Borys Bradel's Blog
More on virtual machines and linux
Tags: linux December 23, 2009
The following are a recap of how to set up a virtual machine, more observations about using kvm, and a comparison between Fedora and Ubuntu. Both are using a 5GB virtual hard drive. The hard drive usage is from the current state of the respective virtual hard drives.
Setting up a virtual machine
First create an image with the following command (the example is for a 10GB fedora machine):
qemu-img create -f qcow2 fedora.img 10G
Then download an iso of the operating system, e.g. Fedora-12-i386-netinst.iso, and run kvm with the following command line:
kvm -M pc -hda fedora.img -m 512 -cdrom Fedora-12-i386-netinst.iso -net nic,model=e1000 -net user -boot d
Follow the installation instructions. Eventually, everything will reboot and you will be put back at the original screen. That is when you can close the kvm window and then run kvm again with the following command:
kvm -M pc -hda fedora.img -m 512 -net nic,model=e1000 -net user -boot c
Make sure to run the update manager and get all the updates. After that you can use the system and install whatever packages you want. Putting the above command in a script file is probably a good idea.
More observations about using kvm to run linux
Sound can be enabled by adding the -soundhw all option to the command line. Unfortunately just enabling sound consumes a large amount of CPU power, and leaving sound disabled is probably better. Given that flash in general and sound in flash in particular still has a long distance to go, not having sound is not much of a loss.
When the update manager was updating Fedora the following error was reported by kvm a large number of times with different addresses and values
virtio_ioport_write: unexpected address 0x0 value 0x0
Definitely not nice. Also, Fedora did not shut down properly after that. Although that's not a surprise.
Also, sometimes keys, such as ctrl or down or page down, seem to be stuck. Also, sometimes the escape character seems to be lost. The way to get the key get unstuck is to press a different key.
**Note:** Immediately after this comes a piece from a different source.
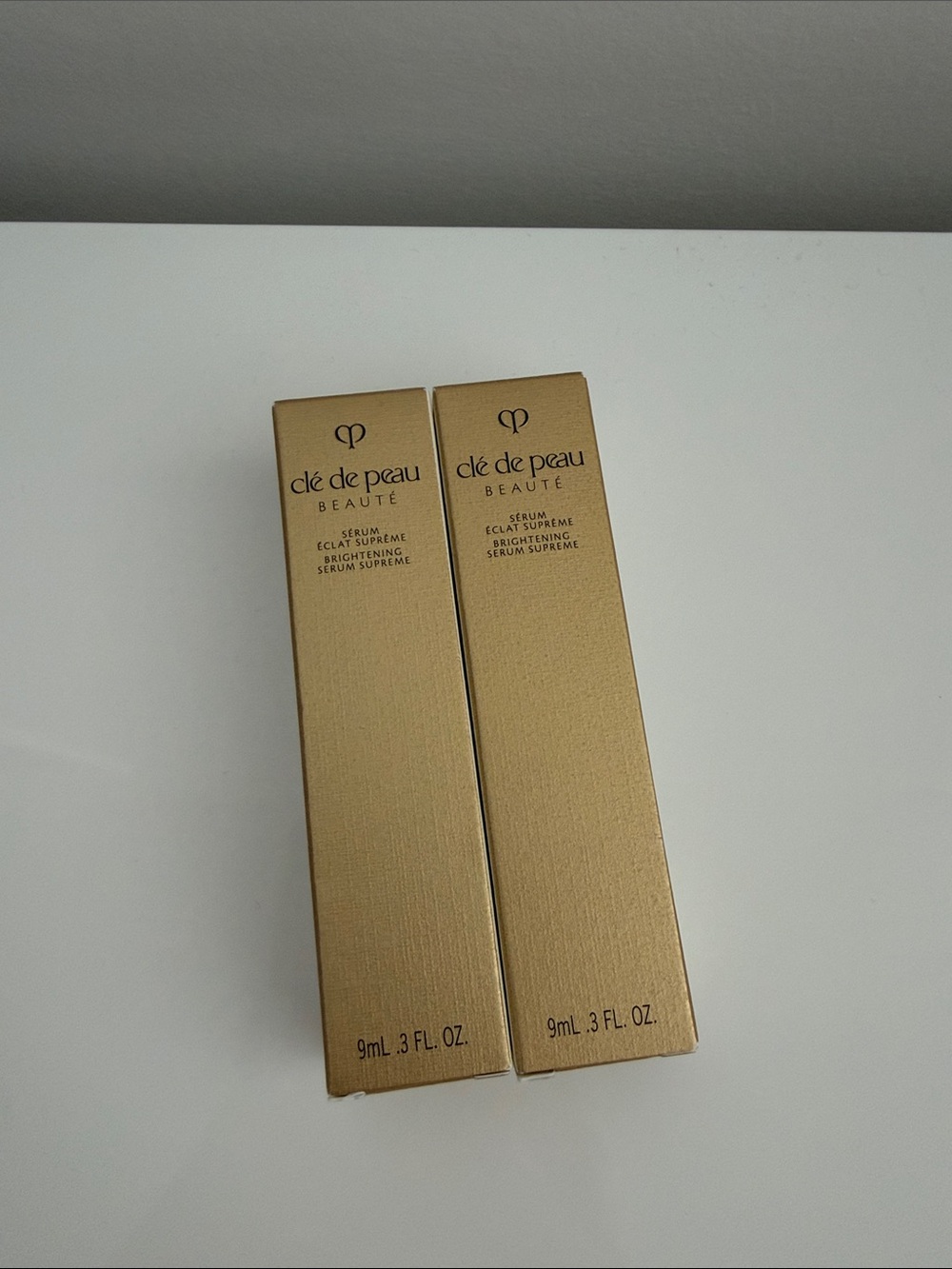 Clé de Peau Beauté Brightening Serum - Brand new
Usually the right ctrl gets stuck. To fix it, pressing the left ctrl key usually works, although sometimes the right ctrl key may be better. For down and page down the up key seems to work.
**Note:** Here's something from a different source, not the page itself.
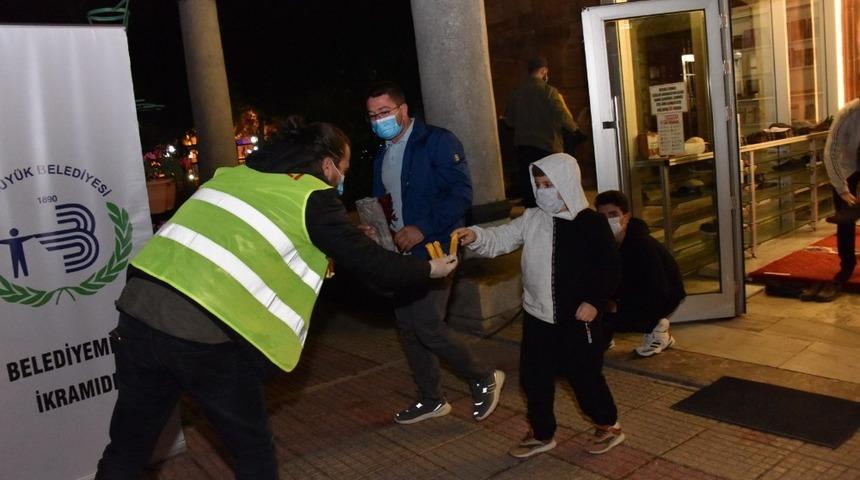 Mevlid Kandili camilerde ibadet edilerek kutlandı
Also gnutris doesn't work properly in the kvm. I looked at the source and could not find anything unusual. The problem probably lies in the underlying library being used.
Finally, adobe flash player does not work very well, although I mentioned that already.
Fedora
The base system, which includes Firefox, with Thunderbird is 3.1GB. Although that probably includes some extras, because I installed various packages.
/usr is 2.4GB (/usr/share is 1.4GB, /usr/lib is 785MB, and /usr/bin is 147MB)
/var is 374MB (/var/cache is 280MB and /var/lib is 90MB)
/lib is 205MB
/home is 120MB
/boot is 47MB
/etc is 22MB
/sbin is 13MB
/bin is 7MB
Everything else is a lot smaller. Thunderbird is 65MB of /home and 85MB of /usr/lib
The main drive is about 3.9 million 1K blocks, the temp drive is 0.25 million 1K blocks, and the boot drive is 0.20 million 1K blocks. The temp drive is large enough for Fedora to hibernate. Also, Firefox is put in the repository faster than in ubuntu. On the downside, the number of updates that are needed for Fedora is a little too much for me.
Ubuntu
The main drive is 4.9 million 1K blocks, the temp drive is 0.25 million 1K blocks. I'm not sure where the discrepancy in block count comes from. Also, the temp drive seems to be divided among a bunch of different directories, and is not large enough to hibernate the system. A big disadvantage of using Ubuntu. It'd be nice to know how big a hard drive is needed before Ubuntu assigns enough swap space for it to be able to hibernate. The other disadvantage is that the update manager does not indicate the severity of updates and which updates require a reboot.
The base system, which includes Firefox, without Thunderbird is 2.7GB.
/usr is 1.8GB (/usr/lib is 771MB, /usr/share is 716MB, and /usr/bin is 121MB)
/var is 458MB (/var/cache is 291MB and /var/lib is 161MB)
/lib is 279MB
/home is 73MB
/boot is 43MB
/etc is 13MB
/sbin is 8MB
/bin is 5MB
Everything else is a lot smaller.
The biggest difference in terms of files between Ubuntu and Fedora is that the locale information in Fedora is huge. Many of the LC_MESSAGES folders in each locale under /usr/share/locale/ is up to 11MB, for a total of over 432MB while in Ubuntu each folder is under 1MB and the total is under 18MB.